Page MenuHomePhabricator

Generate ATS cache.config from software-agnostic data structures
Closed, ResolvedPublic

Description

The decision of whether or not an origin server response has to be considered cacheable is normally based upon the Cache-Control response header. However, both ATS and Varnish allow to override it and avoid caching certain responses regardless of what the origin says. The mechanism provided by ATS to do so is based on a configuration file called cache.config, while Varnish uses a VCL action called pass for this purpose.

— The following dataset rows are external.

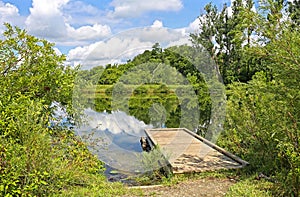 A wooden dock on a lake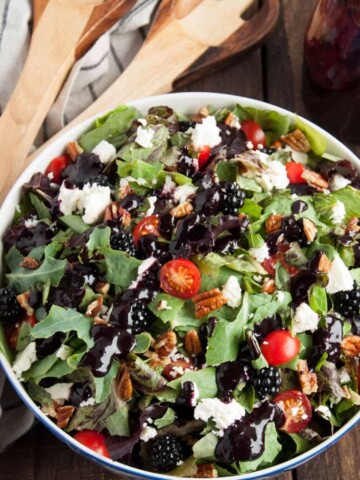 This deliciously fresh summer salad with feta, pecans, basil and blackberry vinaigrette is a perfect light and healthy salad for a quick weeknight meal.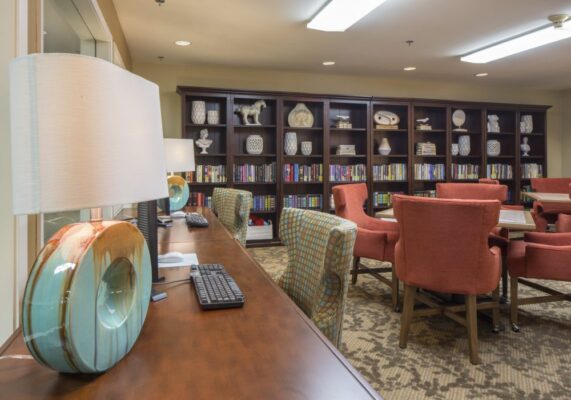 Reading Room library at Markham House with bookshelves and books, desks, chairs, tables, aand lamps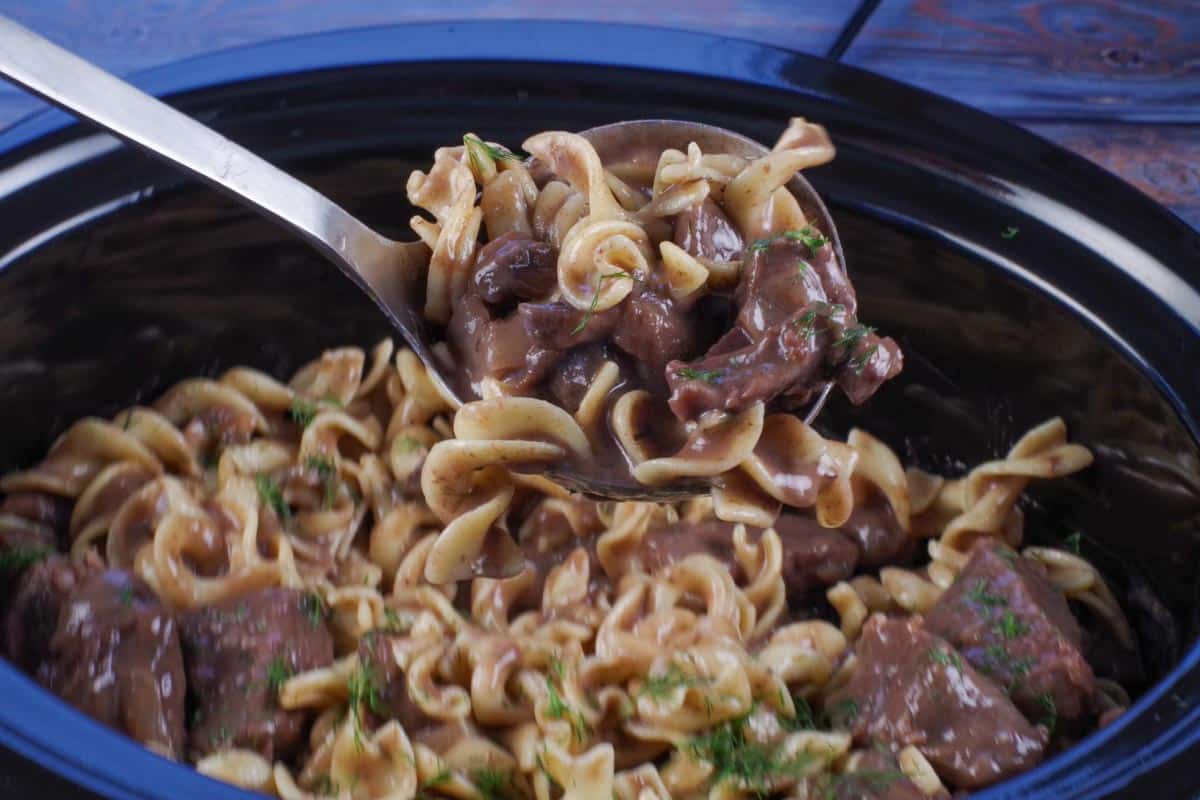 light beef stroganoff being scooped up on a ladle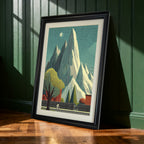 Black-framed art print of the tall mountain and cyclist landscape leaning against a dark green paneled wall. Sunlight casts shadows on the wall and wooden floor.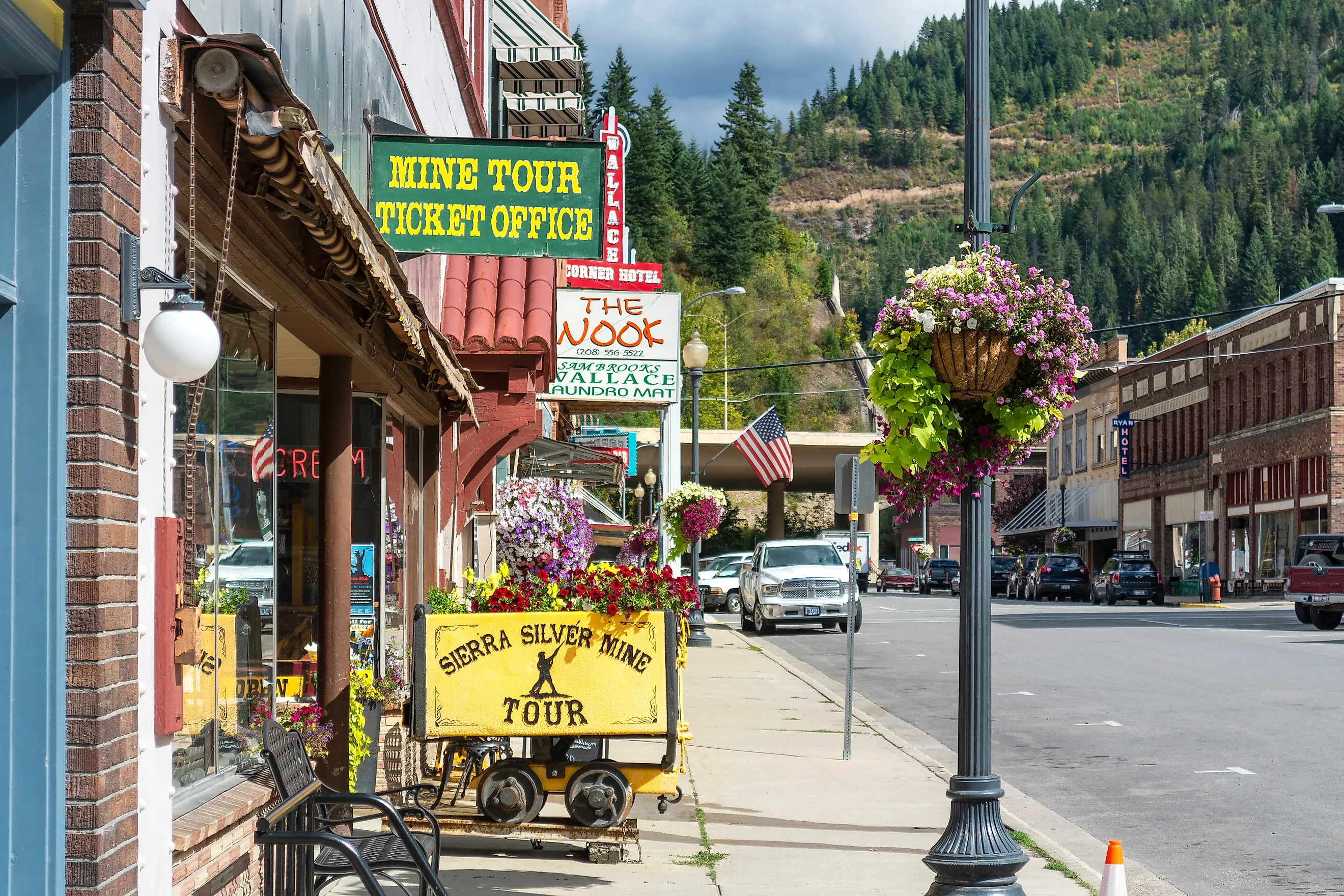General view of the Sierra Silver Mine tour sign on a sidewalk in the historic mountain town of Wallace, Idaho.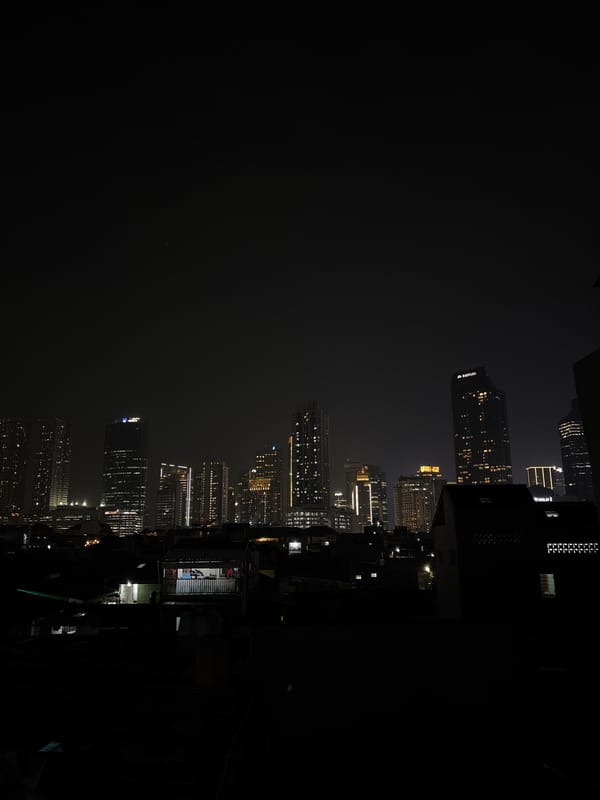 Nighttime South Jakarta skyline captured showing illuminated commercial towers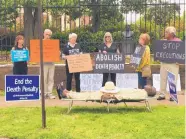  ?? COURTESY OF SHERRY SIMON ?? Pulaski County Circuit Judge Wendell Griffen, on cot, participat­es in a demonstrat­ion against the death penalty Friday in Little Rock, Ark.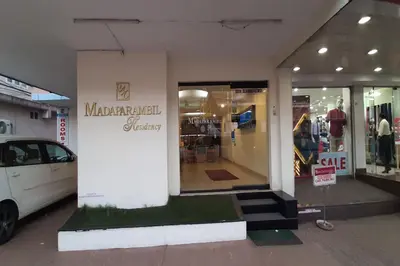 a store front with a car parked in front of it at MADAPARAMBIL RESIDENCY in Alwaye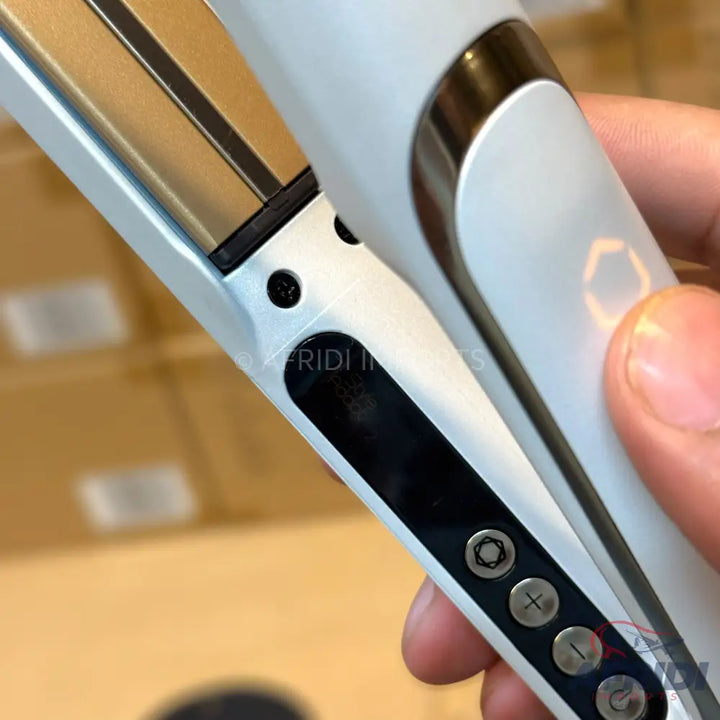 White and black hair straightener with digital controls.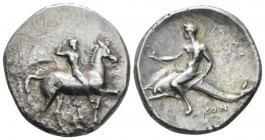 Calabria, Tarentum Nomos circa 322-302, AR 23mm., 7.54g. Youth on horseback r., crowning himself; below capital. Rev. Oecist riding dolphin l.; holdin...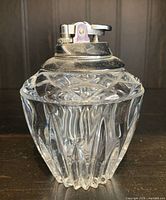 Front view of a vintage crystal glass table lighter showing clear faceted glass body and metal lighter top part.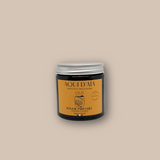 Bougie artisanale parfum bois de oud 100 g, présentée dans un contenant décoratif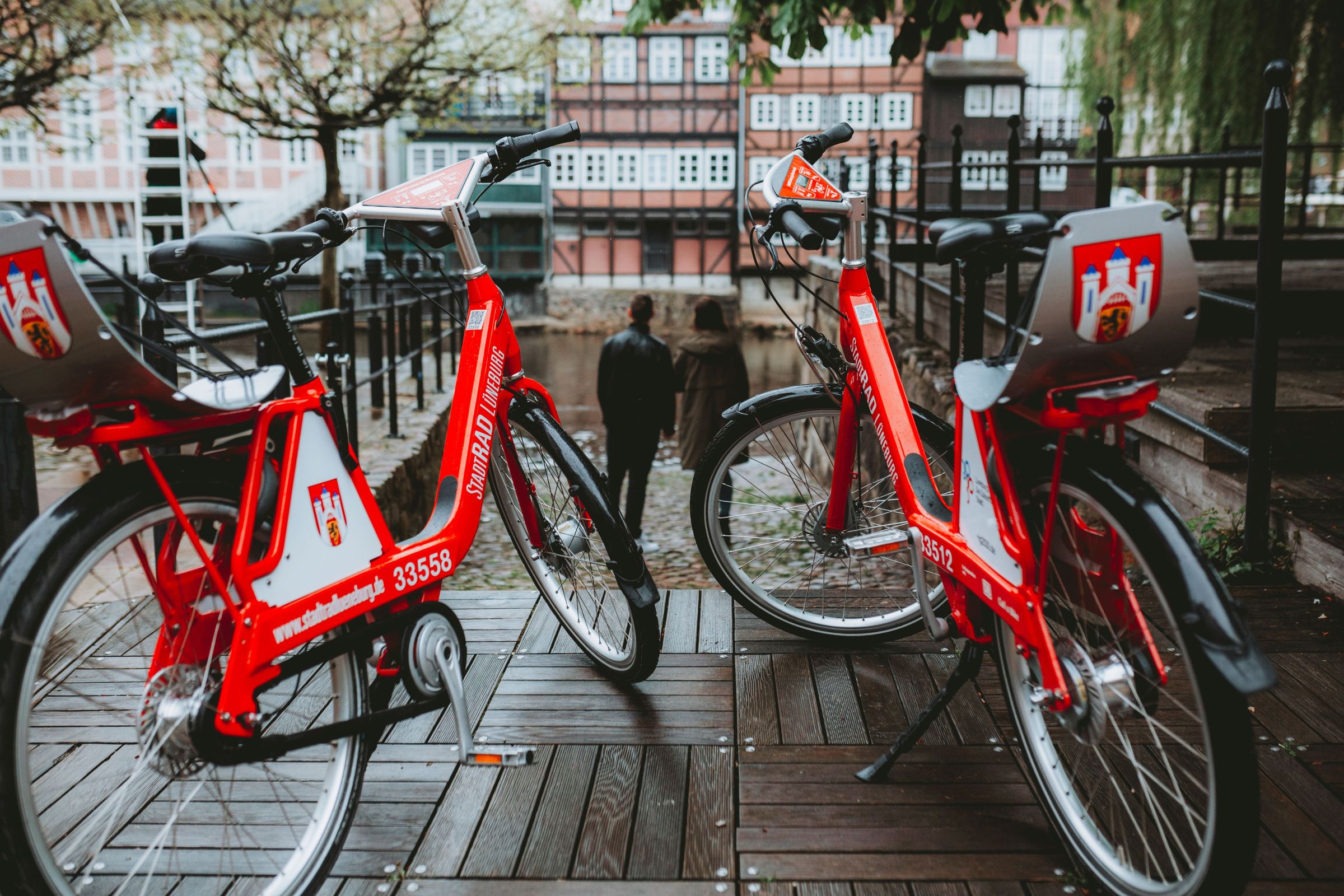 Two city bikes Lüneburg park in pedestrian zone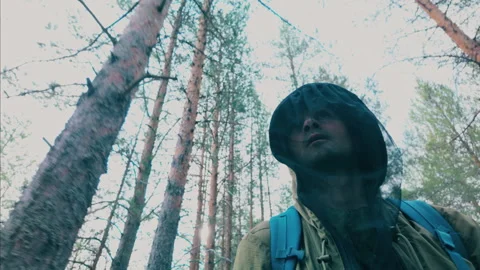 A forester, dressed in protective clothing, explores the taiga. Video stock 310266414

In our environment, the ATS config file cache.config is generated using the profile::trafficserver::backend::caching_rules hiera setting, which looks like this:

profile::trafficserver::backend::caching_rules:
    - primary_destination: dest_host
      value: cxserver.discovery.wmnet
      action: never-cache
    - primary_destination: dest_host
      value: debmonitor.discovery.wmnet
      action: never-cache

The data structure gets rendered pretty much one-to-one as:

# /etc/trafficserver/cache.config
dest_host=cxserver.discovery.wmnet action=never-cache
dest_host=debmonitor.discovery.wmnet action=never-cache

In the case of Varnish, the hiera settings are cache::req_handling and cache::alternate_domains, which among other things allow to skip the cache by specifying the caching: 'pass' attribute:

cache::req_handling:
  cxserver.wikimedia.org:
    caching: 'pass'
cache::alternate_domains:
  15.wikipedia.org:
    caching: 'normal'
  analytics.wikimedia.org:
    caching: 'normal'
  annual.wikimedia.org:
    caching: 'normal'
  blubberoid.wikimedia.org:
    caching: 'pass'
[...]
  config-master.wikimedia.org:
    caching: 'pass'

As Varnish does not provide an equivalent to Traffic Server's cache.config, we do the plumbing and dynamically generate a list of if/else VCL statements in the wm_recv_pass VCL subroutine, matching the incoming Host request headers to return pass statements as appropriate:

sub wm_recv_pass {

    if (req.http.host == "blubberoid.wikimedia.org") {
        return (pass);
    } elsif (req.http.host == "config-master.wikimedia.org") {
        return (pass);

Having two different mechanisms to specify one policy is not optimal, as engineers currently have to specify both an entry in cache::req_handling/alternate_domains based upon the Host header for the cache frontend layer, and another in profile::trafficserver::backend::caching_rules based on the origin server hostname for the cache backend. Given that at the ATS layer we know the Host -> Origin mapping:

profile::trafficserver::backend::mapping_rules:
    - type: map
      target: http://cxserver.wikimedia.org
      replacement: https://cxserver.discovery.wmnet:4002

it should be possible to get rid of profile::trafficserver::backend::caching_rules altogether and generate cache.config programmatically by iterating on cache::req_handling/ cache::alternate_domains, extracting the matching origin hostnames from profile::trafficserver::backend::mapping_rules.

Event Timeline

Restricted Application added a subscriber: Aklapper. · View Herald Transcript
ema triaged this task as Medium priority.Aug 5 2020, 9:42 AM
ema moved this task from Backlog to Caching on the Traffic board.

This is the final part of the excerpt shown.